◆ **What you are asked to do**
Pictures are to be dropped, and only the lines from the one containing "Complete order service" through the end of the data below are to be reproduced as written.

◆ **Dataset content**
-------

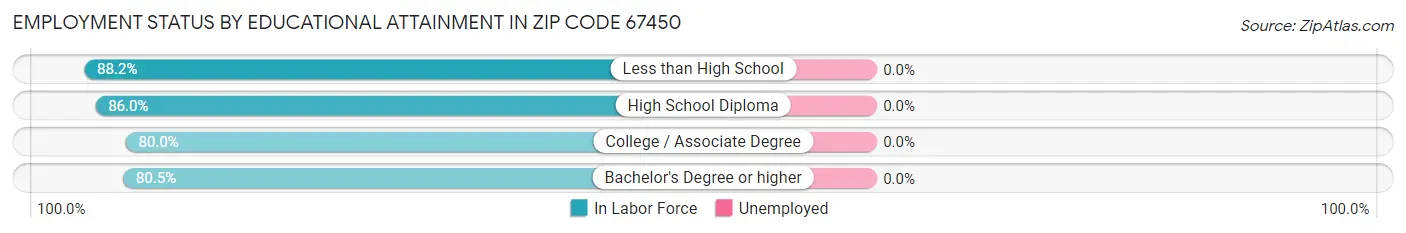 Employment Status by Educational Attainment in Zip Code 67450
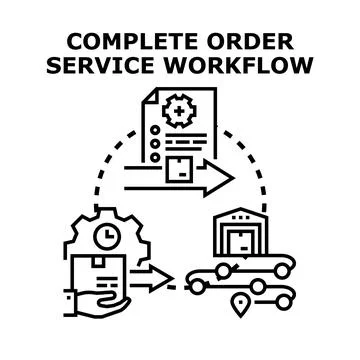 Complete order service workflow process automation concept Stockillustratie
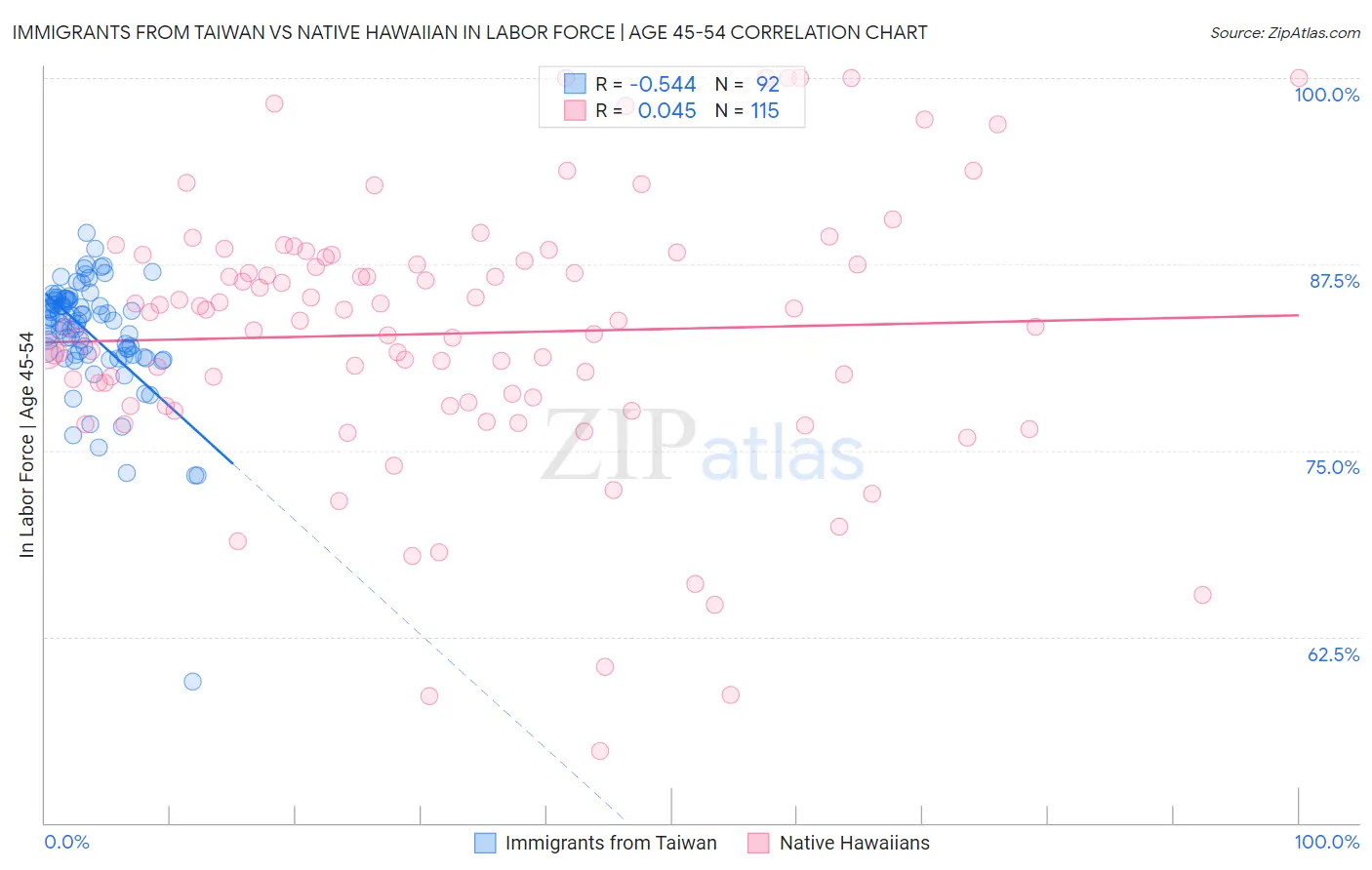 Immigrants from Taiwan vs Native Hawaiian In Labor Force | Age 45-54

-------

◆ **Response area**
 Complete order service workflow process automation concept Stockillustratie
 Immigrants from Taiwan vs Native Hawaiian In Labor Force | Age 45-54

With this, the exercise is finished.